Wir haben die Dorfbevölkerung nach dem Geheimnis für das friedliche Zusammenleben gefragt, und sowohl Jusupowa als auch Bosorow sind überzeugt: „Das tadschikische und das kirgisische Volk haben keine Probleme miteinander, sie leben seit vielen Jahren zusammen und werden auch weiterhin zusammenleben. Die Grenzstreitigkeiten sollten so schnell wie möglich beigelegt werden und sich nicht negativ auf die Beziehungen zwischen den beiden Völkern auswirken. Diese Meinung wird von allen im Dorf geteilt, und das ist das Geheimnis des friedlichen Zusammenlebens in Sandschidsor.“

Machinas Träume

Saifullo Rachmatow von der Bildungsabteilung Sughd erklärt, dass der Unterricht an Machinas Schule und einer weiteren Schule in Isfara dem Programm des tadschikistanischen Ministeriums für Bildung und Wissenschaft folgt, allerdings in kirgisischer Sprache.

„Nach dem vom Ministerium entwickelten Programm lernen die Schulkinder ihre Muttersprache, Literatur, allgemeine Geschichte und die Geschichte Kirgistans“, so Rachmatow.

Nach Angaben von Machinas Lehrerin blicken derzeit viele Schulkinder der Dorfschule mit Bewunderung auf das preisgekrönte Mädchen und möchten ihrem Weg folgen. Deshalb haben in diesem Jahr zehn Kinder aus Machinas Schule an dem Rezitierwettbewerb teilgenommen.
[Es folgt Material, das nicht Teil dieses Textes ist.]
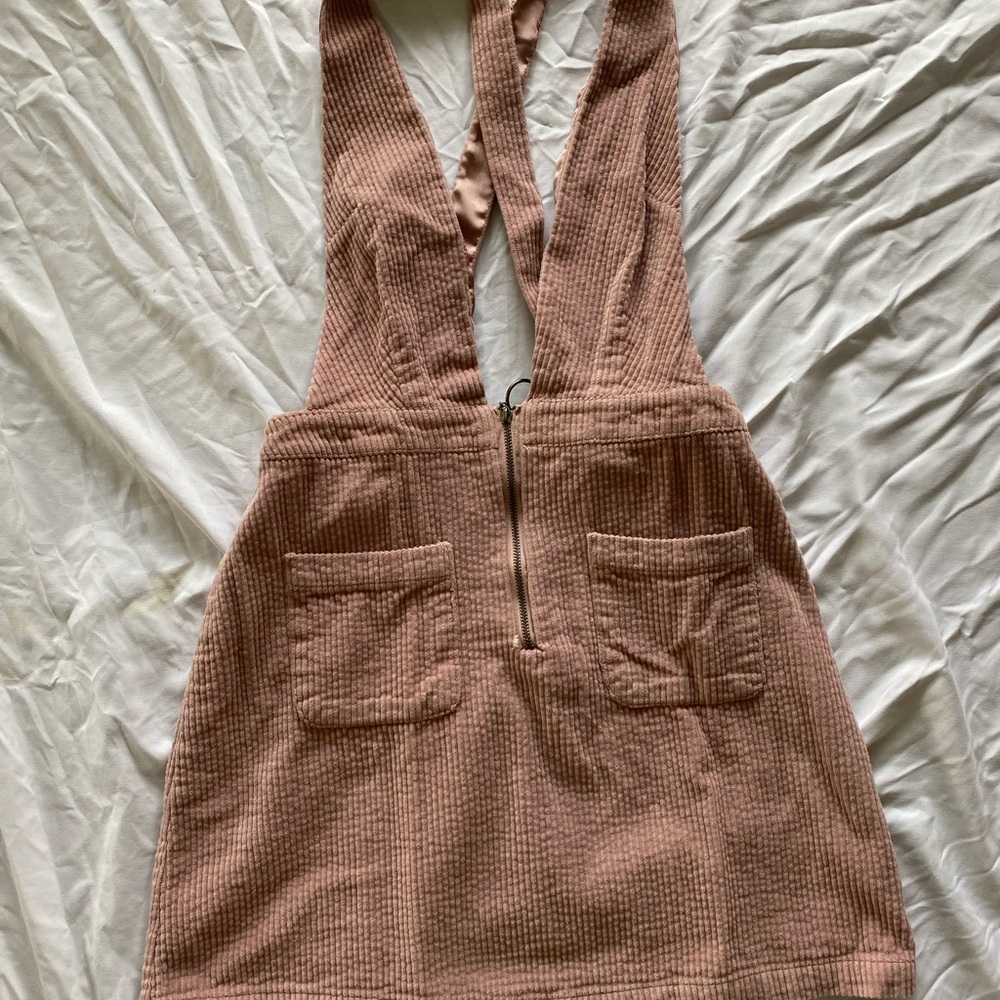 Pink Corduroy Pinafore Dress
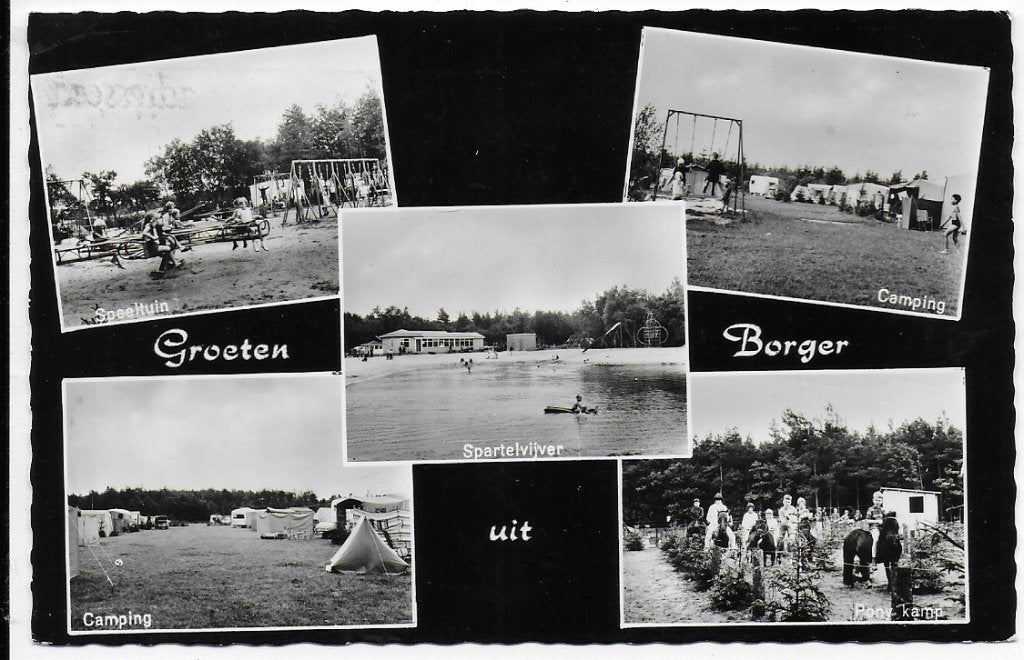Borger Oude Gelopen Ansichtkaart ( A2420 ), Ophalen of Verzenden, 1940 tot 1960, Gelopen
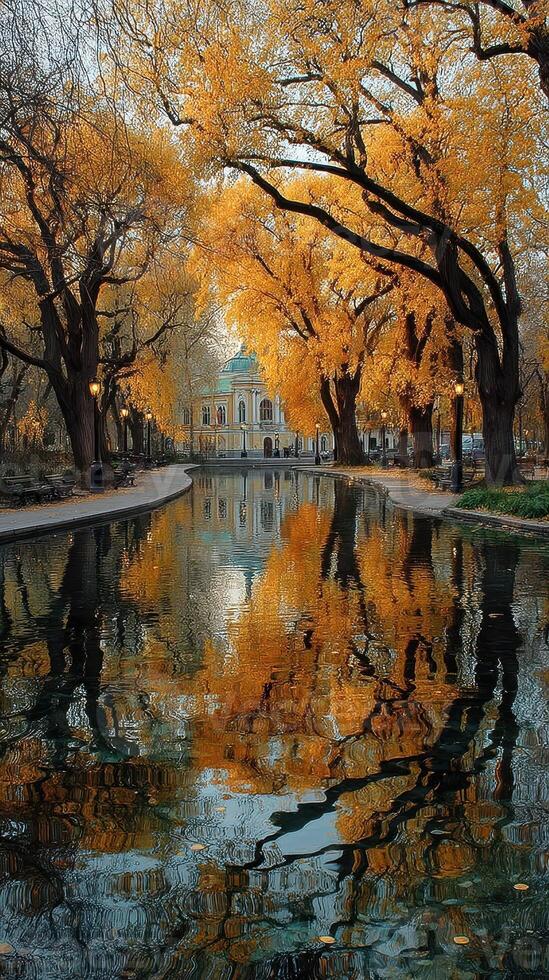 Golden autumn leaves reflecting in tranquil water amid a park setting with historic architecture during late afternoon photo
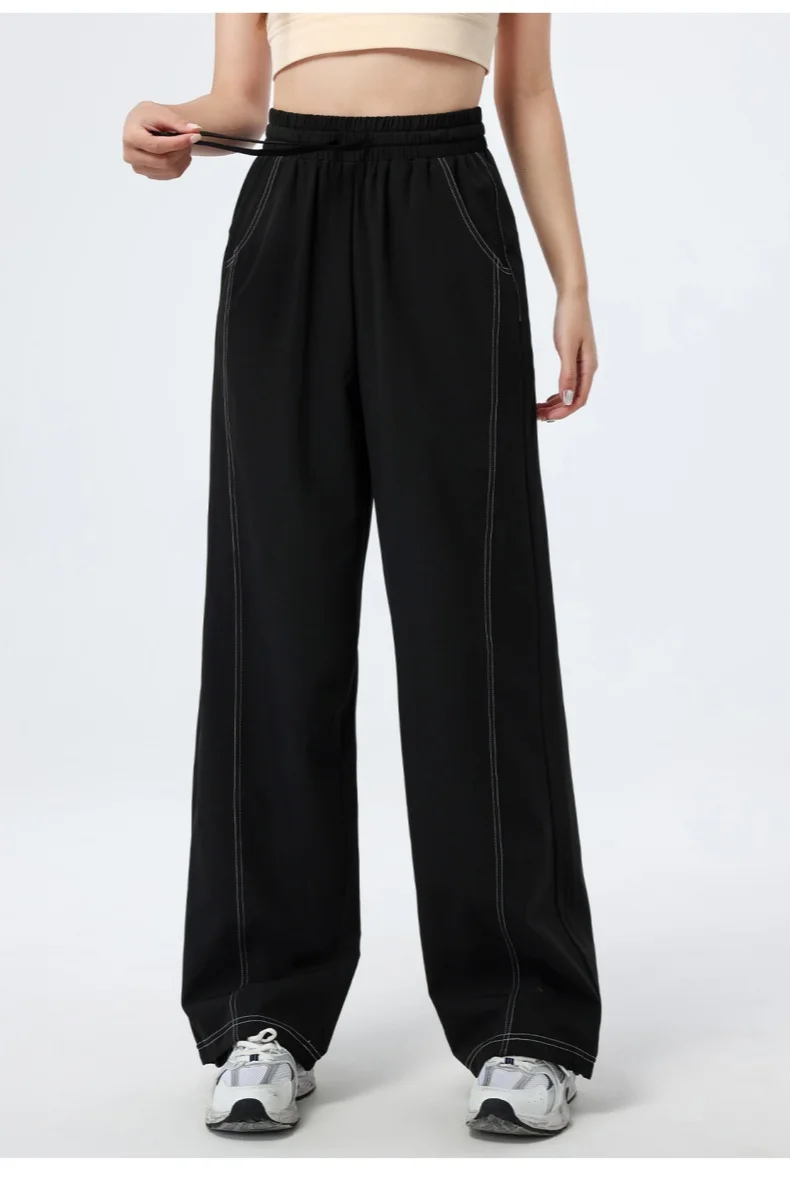 Women's Sports Pants, Baggy Straight Track Pants, Striped Joggers with Pockets, Women Breathable Wide Legs Sweatpants 15 S5139b38feba64cef9f81813a7d2368616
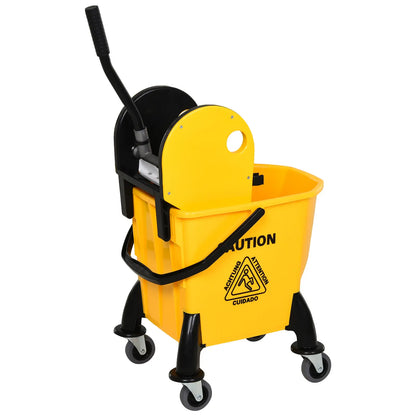 HOMCOM 25L Cleaning Mop Bucket, with Wringer, Wheels and Handle - Yellow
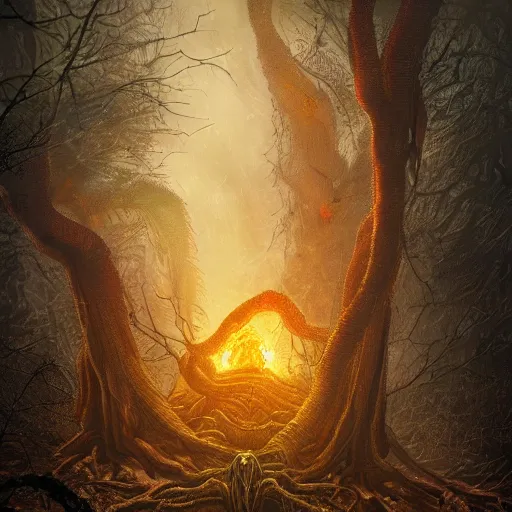 Prompt: tree of pain in a forest of fire, immense structure, hyperrealist, breathtaking, award - winning, groundbreaking, cinematic, dramatic, concept art, fan art, dark fantasy, lovecraft horror, intricate, digital art, zoomorphic, alien, 8 k, trending on artstation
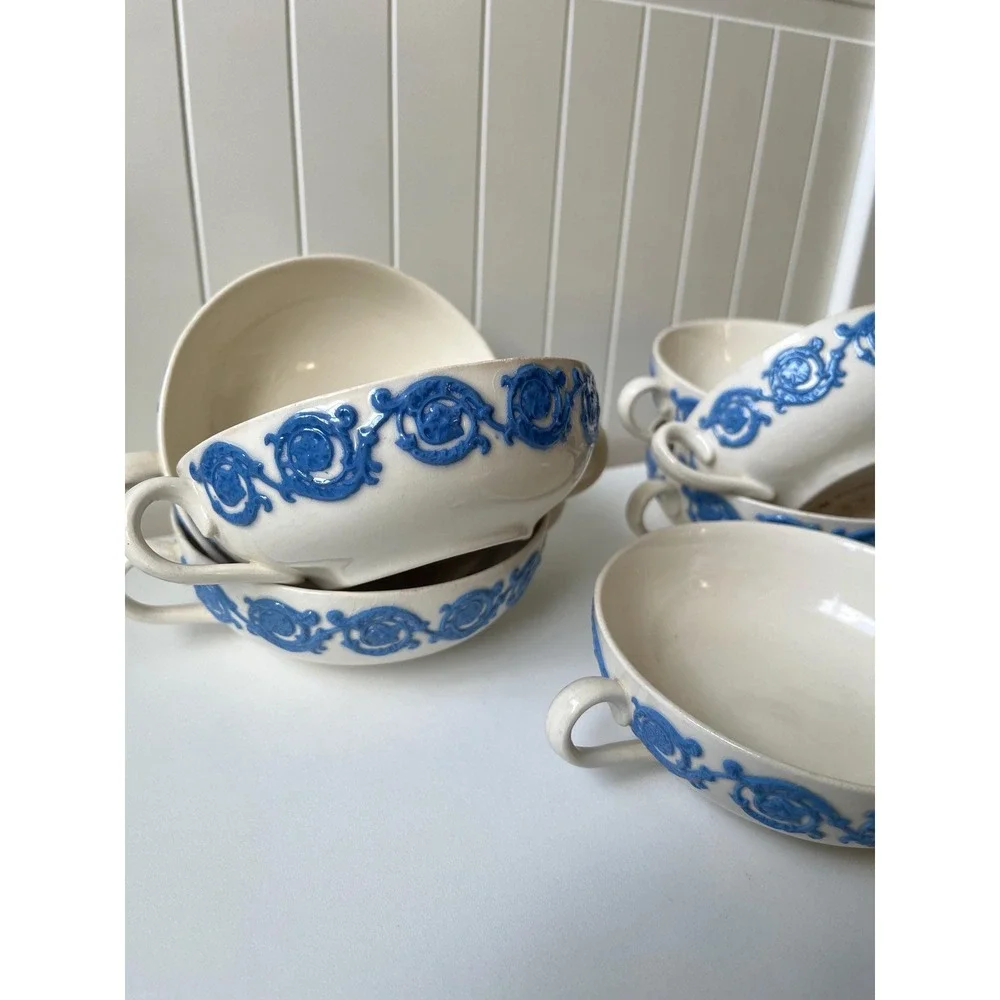 Set of8 Soup Cups ANTIQUE Royal Adams England Ivory Victorian Ware Chelsea Blue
Machina will es nicht bei ihrem Erfolg belassen, sondern studiert weiter die Werke tadschikischer und kirgisischer Schriftsteller und Dichter. Sie ist davon überzeugt, dass sie alle Disziplinen des Wettbewerbs meistern wird. Außerdem versucht das Mädchen, auch ihre Mitschülerinnen und Mitschüler von ihren Studien zu überzeugen.

Nach ihrem Abschluss möchte sie Lehrerin für tadschikische Sprache und Literatur werden, um einen Beitrag zur Bildung der Kinder auf dem Land zu leisten.